Description
Project I – Social Media Data Analysis
Project Objectives
In this project, you will learn how to crawl social media data as well as process and report some
analysis on your extracted data.
Project Outline
1. Data Collection
2. Data Visualization
3. Network Measures Calculation
Guideline
Step 1. Choose one of the social media platforms in the first week of your project such as Twitter,
Facebook, Instagram, dblp, Reddit, arXiv, ResearchGate, Stackoverflow, Stackexchange and etc. Figure out how you can crawl data from these websites. Some of these websites provide API for crawling
the data. Make sure you have the needed credentials for scraping the data (i.e. API-key).
You will be asked to create the social network with at least around 100-500 nodes. Some representative
networks types are described as follows,
1. Friendship Network. A user’s friendship network can be represented as a graph that the nodes
are the users and the edges shows whether there is a friendship relation between them. Example:
Users and their follower and followee relationship in Twitter as a directed graph.
2. Co-authorship Network. The nodes are scientists, and two scientists are connected if they have
coauthored a paper. Example: an authorship network in “Computer Science” category papers
in arXiv website.
3. Diffusion Network. A node represents an entity, which can publish, receive, and propagate information. A directed edge between nodes represents the direction of information propagation. Example: fake news propagation when the nodes are users and the edges are re-tweets/replies/likes.
Write a brief description in your report on how you crawled your data.
Step 2. Now that you fetched the data, visualize your network as graph. There are multiple packages
and softwares available for graph analysis such as, networkx [link], snap [link], Gephi [link], NodeXL
[link] and graph-tool [link]. Choose one and read the instruction on how to visualize your graph (for
each package, it may require a certain format of the graph data: edgelist, adjacency matrix or adjacency list). Take a snapshot of your returned graph and add it to your report.

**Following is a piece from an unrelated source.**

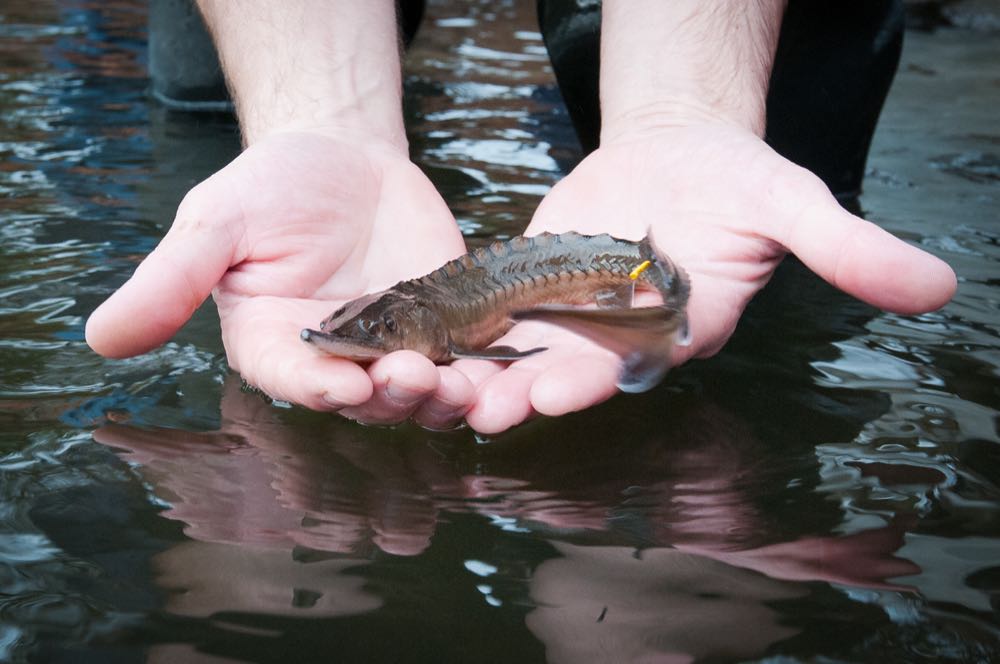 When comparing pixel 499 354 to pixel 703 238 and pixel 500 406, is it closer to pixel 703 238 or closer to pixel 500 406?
pixel 500 406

Step 3. You will learn different network measures in class (Degree Distribution, Clustering Coefficient, Pagerank, Diameter, Closeness, Betweeness, etc.). Use your chosen package or software from
step 2 to obtain degree distribution and plot it as histogram. Beside this measure, choose two other
measures from what you have learned and plot them in case they are returned as distribution, or a
number, otherwise. Attach your results to your report.
Submission
We will run your codes to see if it works for all the steps. You should put all your files including
your data, source codes, pdf file (report) into a .zip folder named LASTNAME1 LASTNAME2 PJ1
(Instead of LASTNAME1 and LASTNAME2 type the lastname of each member).
Submit your zip folder on Blackboard.
pts Description
1 Select platform in the first week
3 Data Collection
3 Data Visualization
3 Network Measures Calculation
10
Table 1: Grading Rubric
Academic Integrity
• For step 1, you have to develop your own code for data scraping. It is NOT okay to use public
available dataset.
• For all the three steps, you can refer to others’ code and use libraries, software and packages
but it is NOT okay to copy existing code from others.

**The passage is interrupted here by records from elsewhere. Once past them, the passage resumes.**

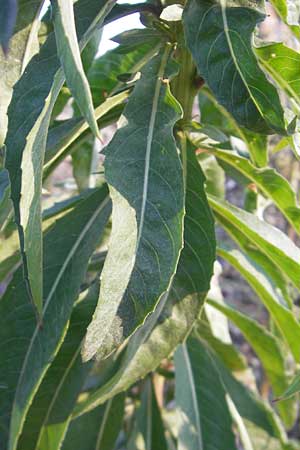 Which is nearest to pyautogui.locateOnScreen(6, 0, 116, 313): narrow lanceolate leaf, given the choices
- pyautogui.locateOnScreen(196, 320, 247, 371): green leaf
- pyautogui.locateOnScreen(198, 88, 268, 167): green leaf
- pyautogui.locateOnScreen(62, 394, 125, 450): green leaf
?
pyautogui.locateOnScreen(198, 88, 268, 167): green leaf

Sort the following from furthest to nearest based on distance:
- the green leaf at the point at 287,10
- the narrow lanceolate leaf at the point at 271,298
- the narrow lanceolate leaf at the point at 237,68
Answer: the narrow lanceolate leaf at the point at 271,298 → the green leaf at the point at 287,10 → the narrow lanceolate leaf at the point at 237,68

• Use a “Reference” section and cite all the tutorials, packages, software and libraries you used in
your data.
Instructions to obtain API-keys:
Twitter:
1. Visit https://developer.twitter.com
2. Log in to your Twitter account or Sign up for a new one.
3. On the top right hand corner click “Apply”. Then click “Apply for a developer account”.

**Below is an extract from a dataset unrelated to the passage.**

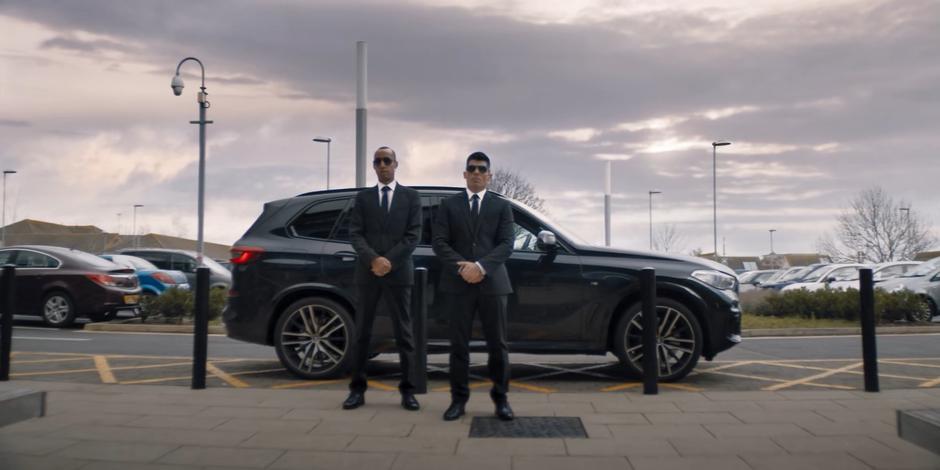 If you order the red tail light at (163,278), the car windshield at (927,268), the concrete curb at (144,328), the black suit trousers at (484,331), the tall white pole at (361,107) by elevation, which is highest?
the tall white pole at (361,107)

4. For your primary reason for using Twitter developer tools choose “Student”. Then click “Next”.
5. You must add a valid phone number to your account to use the Twitter API. Then add your
country as “United States” and pick some name for the developer account (you may use your
email as a username ).
6. Complete the form on how you intent to use your Twitter Developer Account. We recommend
rewording the following answers:
(a) In your words (how you plan to use Twitter data and/or APIs… ) “I am taking the CS
579 Online Social Network Analysis course at Illinois Institute of Technology under Dr. Kai
Shu. For my class project, I will use the Twitter API to access user network information
and analyze the data using standard metrics.”
(b) Are you planning to analyze Twitter data? Yes “I will be calculating network measures such
as Degree Distribution, Clustering Coefficient, Pagerank, Diameter, Closeness, Betweeness,
etc. for my project.”
(c) Will your app use Tweet, Retweet, like, follow, or Direct Message functionality? No
(d) Do you plan to display Tweets or aggregate data about twitter content outside of Twitter?
Yes “I will be displaying users as nodes in a graph and use follow / friend relationships as
edges. The output will only be displayed in class during the project presentation.”
(e) Will your product, service, or analysis make Twitter content or derived information available to a government entity? No
7. Review your previous answers and accept the terms and conditions. Then wait for your developer
account to be approved. This could take up to a couple days.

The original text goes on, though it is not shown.